The SLIDE package contains the source code for reproducing the main experiments in this paper.
The Datasets can be downloaded in Amazon-670K.
We suggest directly get TensorFlow docker image to install TensorFlow-GPU. For TensorFlow-CPU compiled with AVX2, we recommend using this precompiled build.
Also there is a TensorFlow docker image specifically built for CPUs with AVX-512 instructions, to get it use:
docker pull clearlinux/stacks-dlrs_2-mkl
config.py
controls the parameters of TensorFlow training like learning rate
. example_full_softmax.py, example_sampled_softmax.py
are example files for Amazon-670K
dataset with full softmax and sampled softmax respectively.
Run
python python_examples/example_full_softmax.py
python python_examples/example_sampled_softmax.py
For simplicity, please refer to the our Docker image with all environments installed.
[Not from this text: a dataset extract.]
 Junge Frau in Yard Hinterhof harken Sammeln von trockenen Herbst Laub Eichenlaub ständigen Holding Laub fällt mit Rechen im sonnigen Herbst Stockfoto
To replicate the experiment without setting Hugepages, please download Amazon-670K in path /home/code/HashingDeepLearning/dataset/Amazon
Firstly, CNPY package needs to be installed.
Additionally, Transparent Huge Pages must be enabled. SLIDE requires approximately 900 2MB pages, and 10 1GB pages.
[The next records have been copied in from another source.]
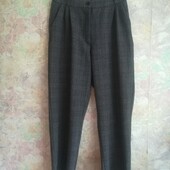 Стильні штани в клітинку.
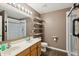 Bathroom with double sinks, shelves, shower and toilet at 8650 N Springview Dr, McCordsville, IN 46055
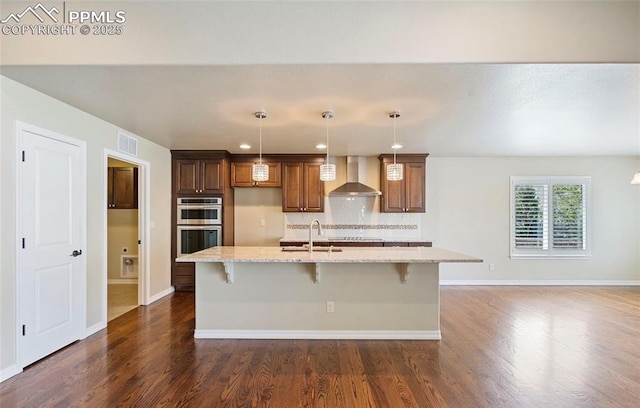 kitchen featuring a center island with sink, pendant lighting, light stone counters, and wall chimney range hood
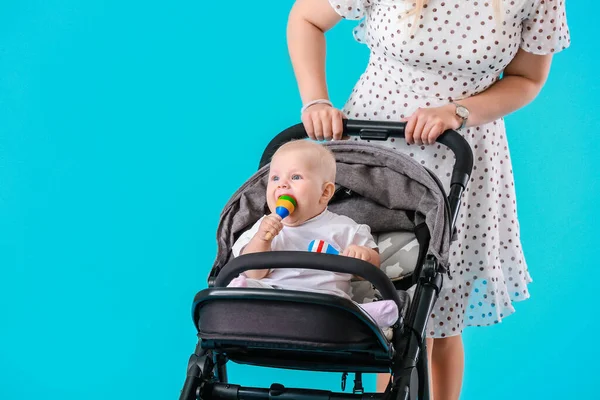 Woman Her Cute Baby Stroller Color Background — Stock Photo, Image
Please see the Instructions to enable Hugepages on Ubuntu.
Also, note that only Skylake or newer architectures support Hugepages. For older Haswell processors, we need to remove the flag -mavx512f
from the OPT_FLAGS
line in Makefile. You can also revert to the commit 2d10d46b5f6f1eda5d19f27038a596446fc17cee
to ignore the HugePages optmization and still use SLIDE (which could lead to a 30% slower performance).
Run
make
./runme Config_amz.csv
Note that Makefile
needs to be modified based on the CNPY path. Also the trainData, testData, logFile
in Config_amz.csv needs to be changed accordingly too.